「イギリスから見た世界と日本」寺島実郎(日本総合研究所会長) ラジオ番組「マイあさ!」マイ!Bizを聞いて

2025年10月17日に放送されたラジオ番組 「マイあさ!」マイ!Biz「イギリスから見た世界と日本」寺島実郎(日本総合研究所会長)を聞きました。

1.経済順位の変動が示す「国力の構造転換」
寺島氏は、1964年の東京オリンピック後に日本がイギリスを、さらに1968年にはドイツを経済規模で抜いたことを引き合いに出し、そこから日本が「経済大国」として誇りをもって歩んできた軌跡を振り返ります。
それに対して、現在の日本は中国、ドイツ、インドに次々と抜かれ、近い将来イギリスにも抜かれ、世界第6位に転落する可能性があると警鐘を鳴らします。
特に購買力平価を基準にした円の実力(110〜120円)に対して現実の円安が4〜5割も進行しているという指摘は、名目値に惑わされない“実質的国力”の冷静な評価です。
ここには、「貨幣価値の裏にある産業構造の変質」という洞察があり、日本経済が単に円安で得をする構造ではなく、「輸入インフレ」「実質賃金低下」という副作用を内包していることを浮き彫りにしています。

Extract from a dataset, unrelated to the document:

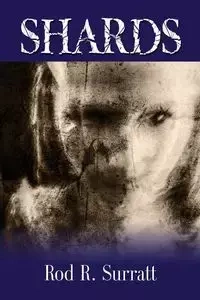 Shards - Rod R. Surratt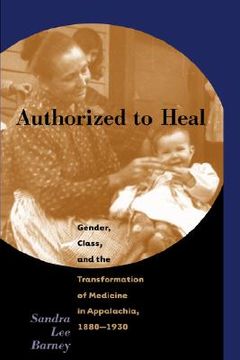 portada authorized to heal: gender, class & the transformation of medicine appalachia, 1880 -1930 (in English)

2. 「イギリス型のしたたかさ」と「日本型の従順さ」
寺島氏は、イギリスが「アメリカの同盟国でありながら、自立した外交戦略を展開している」と指摘します。
パレスチナ国家の承認やTPPへの参加は、イギリスが世界秩序の中で新たな“主導権”を模索している表れです。
一方、日本は「アメリカ依存の延長線上」で生きており、外交カードを十分に使いこなせていない。
ここで氏が強調するのは、「イギリスのような外交的柔軟性と構想力」を日本が学ぶべきという提言です。
この比較は、日本の現状批判であると同時に、イギリスを「現代の知恵のモデル」として捉える積極的視点でもあります。

3. 政治と社会の「乖離」の指摘
「上部構造と下部構造のギャップ」「格差と貧困の拡大」は、イギリスと日本に共通する課題として描かれています。
これは単なる政治批判ではなく、“既存の政党政治が国民の意識を吸収できなくなっている”という社会構造の問題です。
この部分には、グローバル化とデジタル化の進展の中で、「民主主義の形式」と「民意の実質」のズレが広がるという深い社会分析が含まれています。

4.「アジアと欧州の連携」という新しい軸
番組の後半で寺島氏は、日本が「アメリカ一辺倒」から脱却し、イギリスやEU、ASEANなど多極的な連携を進めるべきだと説きます。
ここには、戦後の“依存構造”を超えた新しい「国際的自立国家」像が見えます。
イギリスがEU離脱後も新しい秩序を構想しているように、日本も“地域的な中核”としてアジアの安定に寄与する道を探るべきだ、という思想的主張です。

5. 感想
寺島氏の語りは、数字を通して“文明の成熟度”を語るような広がりがあります。
単に「GDPが抜かれる」という話を「国の誇り」「社会の持続性」「外交の構想力」へとつなげる展開は、経済論を超えた哲学的洞察です。
データの背後にある人間社会のエネルギーと精神性を問う姿勢は、まさに寺島氏らしい知的リアリズムといえます。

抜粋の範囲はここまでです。